Sketch the curve \(y = \left( \frac { 1 } { 2 } \right) ^ { x }\), and state the coordinates of any point where the curve crosses an axis.
Use the trapezium rule, with 4 strips of width 0.5 , to estimate the area of the region bounded by the curve \(y = \left( \frac { 1 } { 2 } \right) ^ { x }\), the axes, and the line \(x = 2\).
The point \(P\) on the curve \(y = \left( \frac { 1 } { 2 } \right) ^ { x }\) has \(y\)-coordinate equal to \(\frac { 1 } { 6 }\).
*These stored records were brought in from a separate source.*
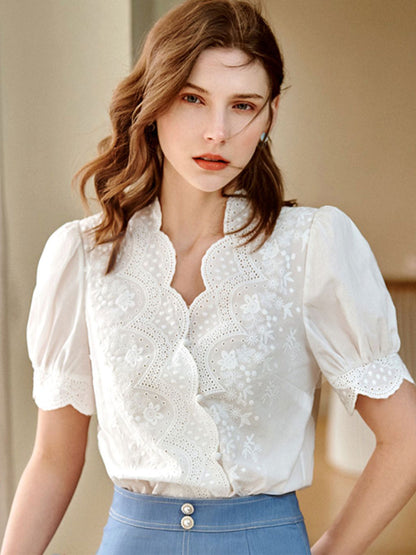 Well Tailored Shirt with a Graceful Silhouette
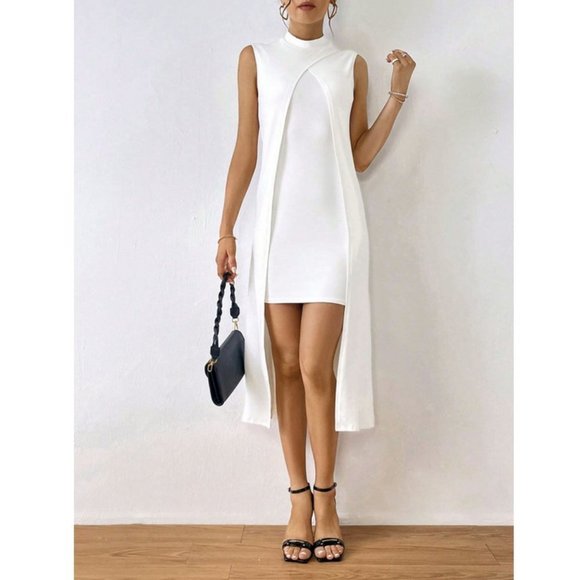 Contemporary Mock Neck Sleeveless Dress - Picture 4 of 5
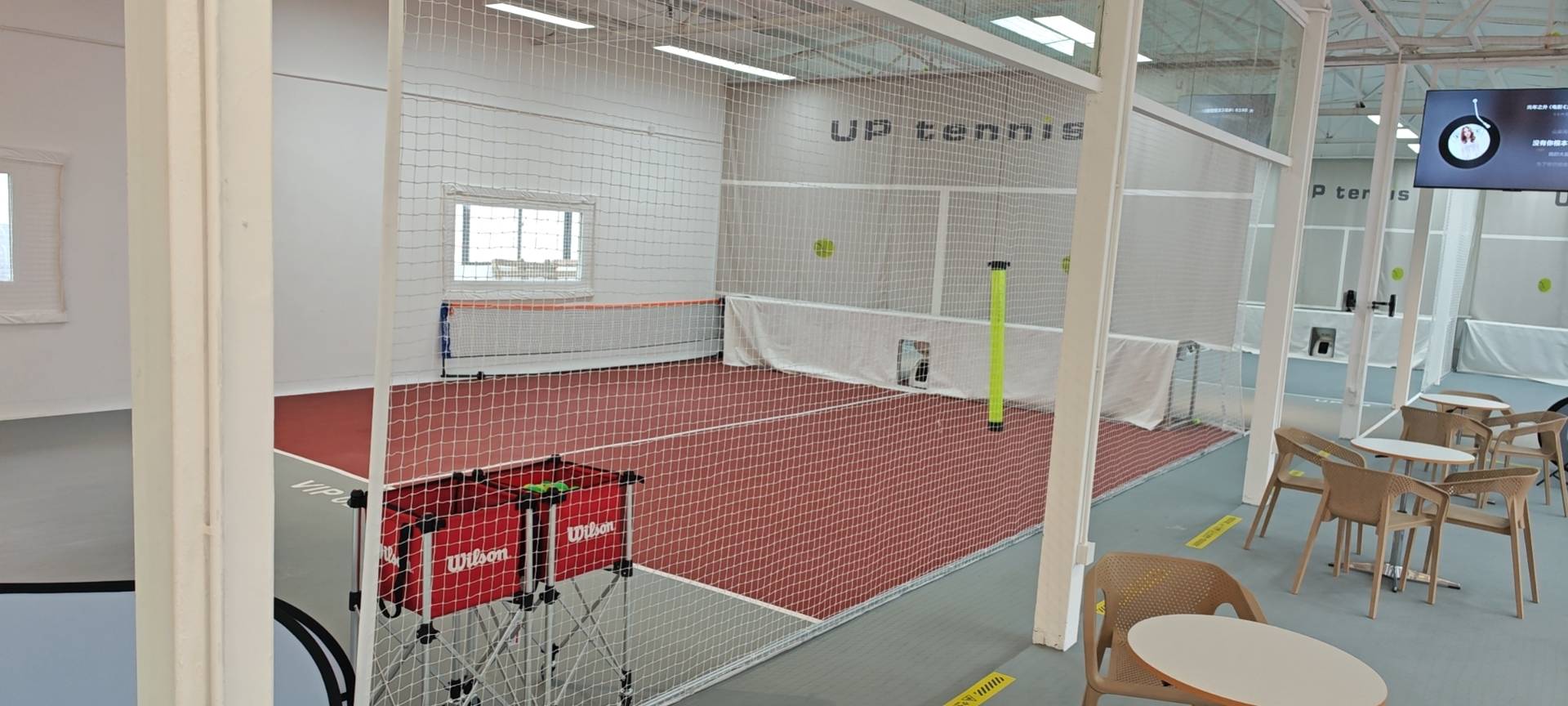 UPtennis龙华宇宙中心店网球场照片2。UPtennis龙华宇宙中心店位于广东省深圳市龙华区东环一路144号东吴创意园2栋501，可在网球地图查看深圳市网球场订场方式。提供学练馆等场地。场馆设施包括洗手间、饮料售卖、沐浴间、发球机、停车方便。参…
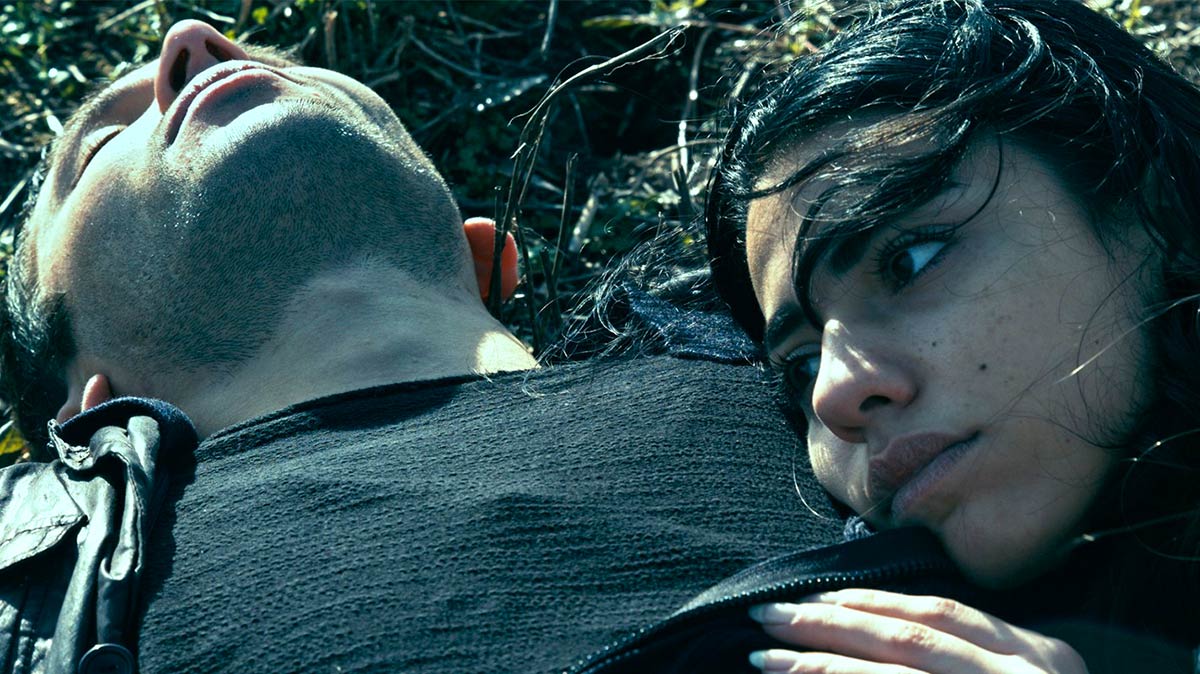 ‘In Between Dying’: Fleeing Death And Finding Love In Azerbaijan [Venice Review]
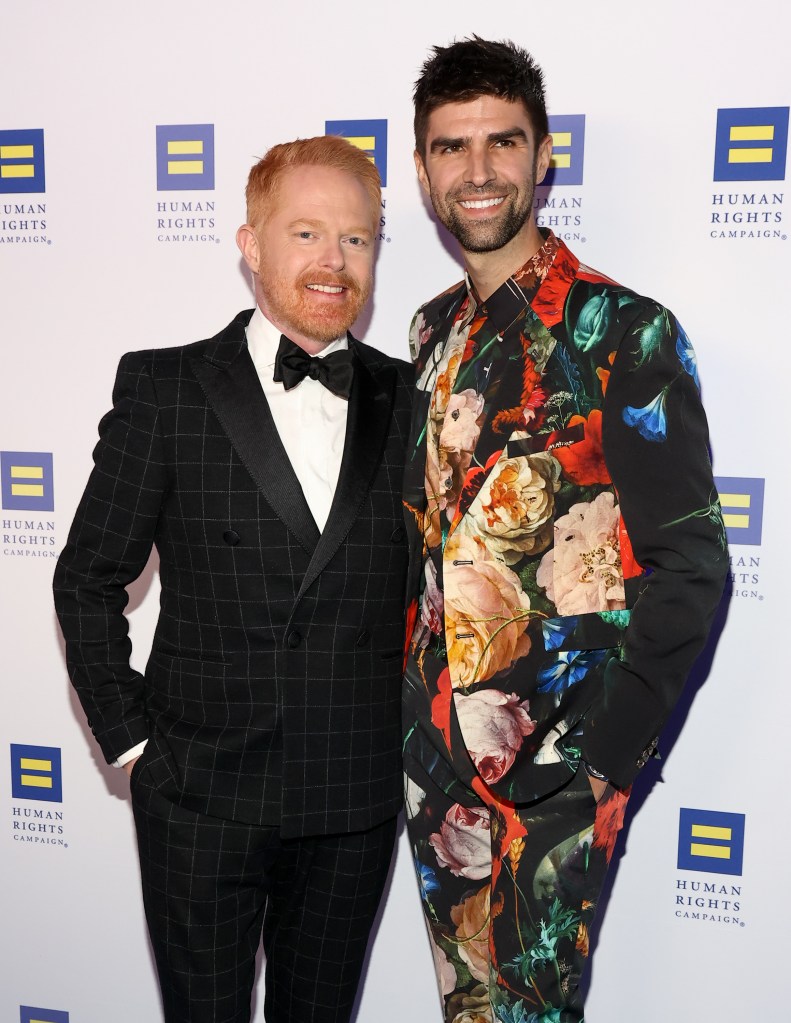 Jesse Tyler Ferguson i Justin Mikita na kolacji w Los Angeles 2024 zorganizowanej w ramach Kampanii na rzecz Praw Człowieka, która odbyła się w Fairmont Century Plaza, 23 marca 2024 r. w Los Angeles, Kalifornia.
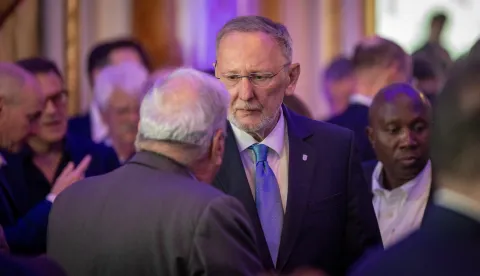 Zagreb, 26.4.2026 - Forum Međunarodne demokratske unije (IDU) koji je okupio oko 250 predstavnika stranaka iz 50-ak zemalja svijeta. Domaćin i suorganizator okupljanja je Hrvatska demokratska zajednica. IDU okuplja na globalnoj razini stranke desnog centra koje dijele demokratske vrijednosti, a predsjednik joj je Stephen Harper, biv&scaron;i kanadski premijer. Na slici Davor Božinović.Foto Hina/ Dario GRZELJ/ dag
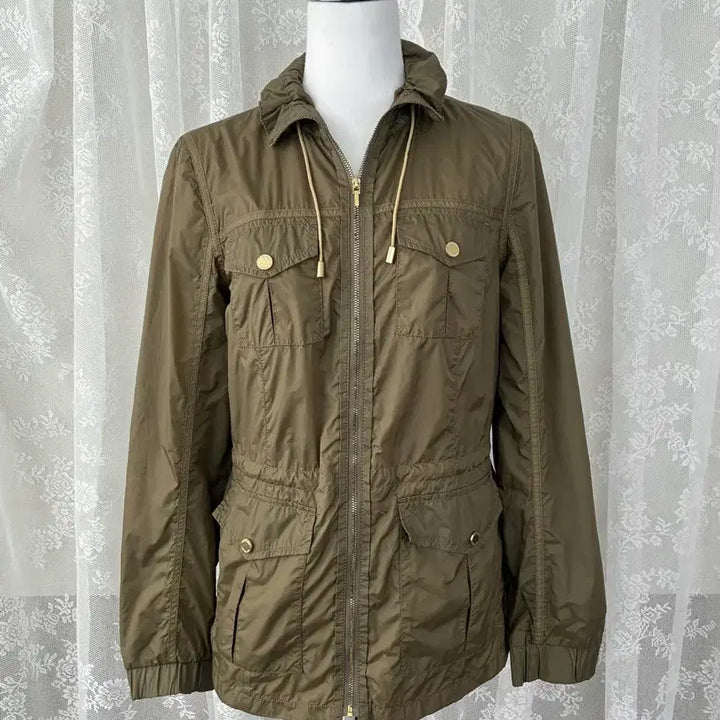 [BUNJANG] Tory Burch Nylon Windbreaker Jacket / S) 토리버치 바람막이 야상 자켓 카키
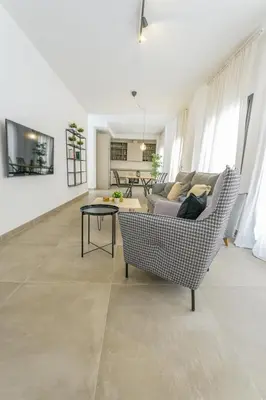Una televisión o centro de entretenimiento en Moott Homes Suites Casa de los Leones APTO 1
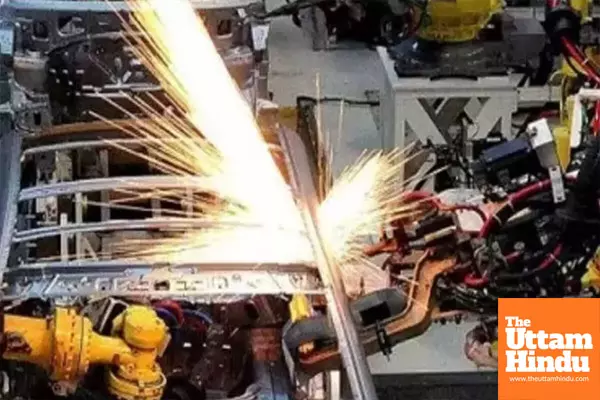 Indias manufacturing activity surges to 10-month high in April: Report Indias manufacturing activity surges to 10-month high in April: Report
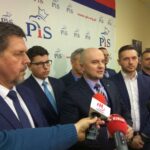 Na zdjęciu od lewej: Jarosław Karyś - Jarosław Karyś, szef klubu PiS w kieleckiej radzie miasta, Marcin Stępniewski - radny PiS, Rafał Nowak - szef PiS w Kielcach, Dariusz Kisiel - radny PiS, Zdzisław Łakomiec - radny PiS / Wiktor Dziarmaga / Radio Kielce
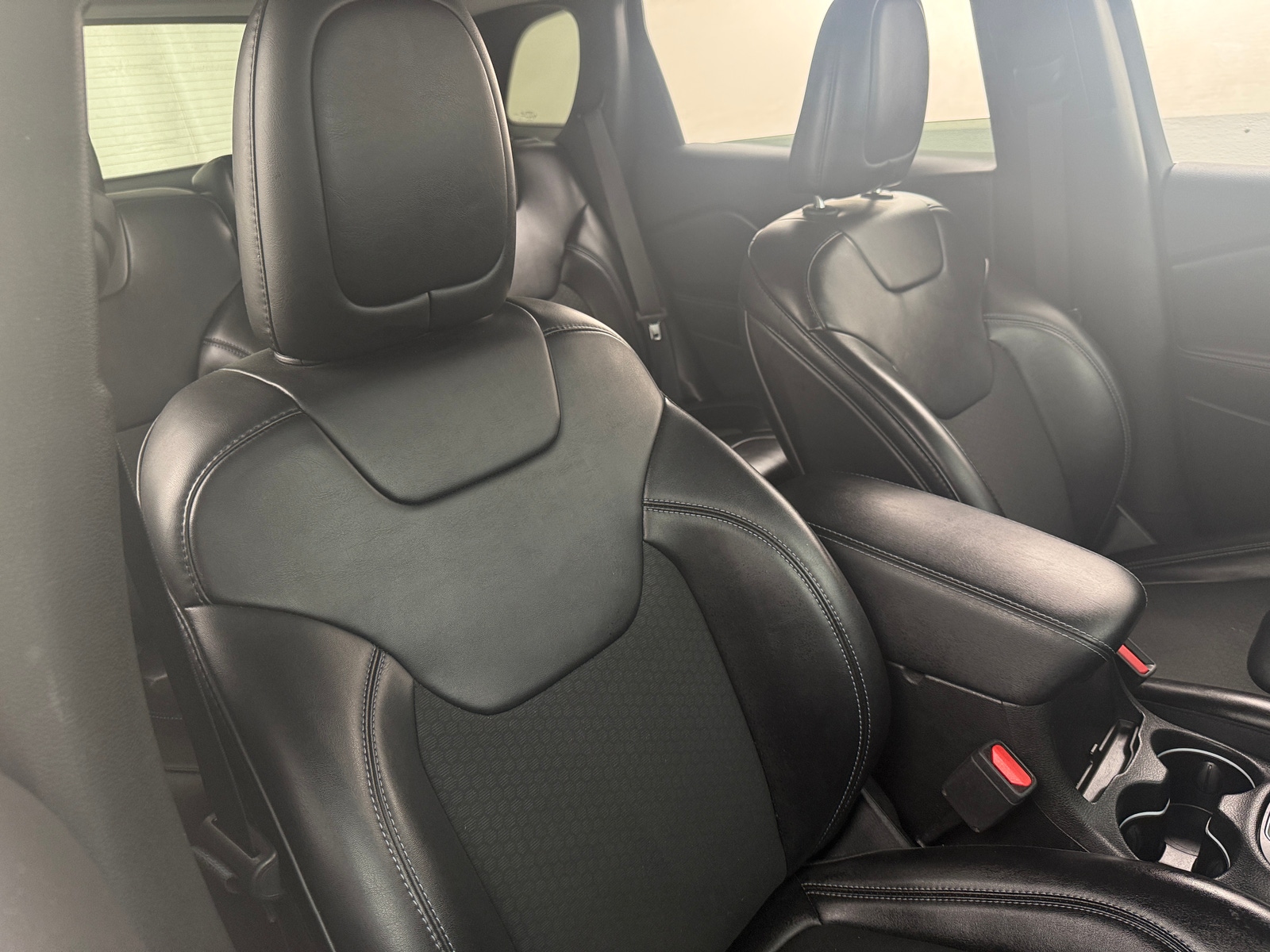 Thumbnail: 2019 Jeep Cherokee - 2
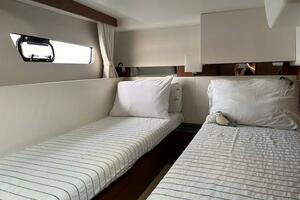 Sweet  amp  Salty 37ft Jeanneau Yacht For Sale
Prove that the \(x\)-coordinate of \(P\) may be written as
$$1 + \frac { \log _ { 10 } 3 } { \log _ { 10 } 2 }$$
\section*{6.}
In an Argand diagram the loci \(C _ { 1 }\) and \(C _ { 2 }\) are given by
$$| z | = 2 \quad \text { and } \quad \arg z = \frac { 1 } { 3 } \pi$$
respectively.
Sketch, on a single Argand diagram, the loci \(C _ { 1 }\) and \(C _ { 2 }\).
Hence find, in the form \(x + \mathrm { i } y\), the complex number representing the point of intersection of \(C _ { 1 }\) and \(C _ { 2 }\).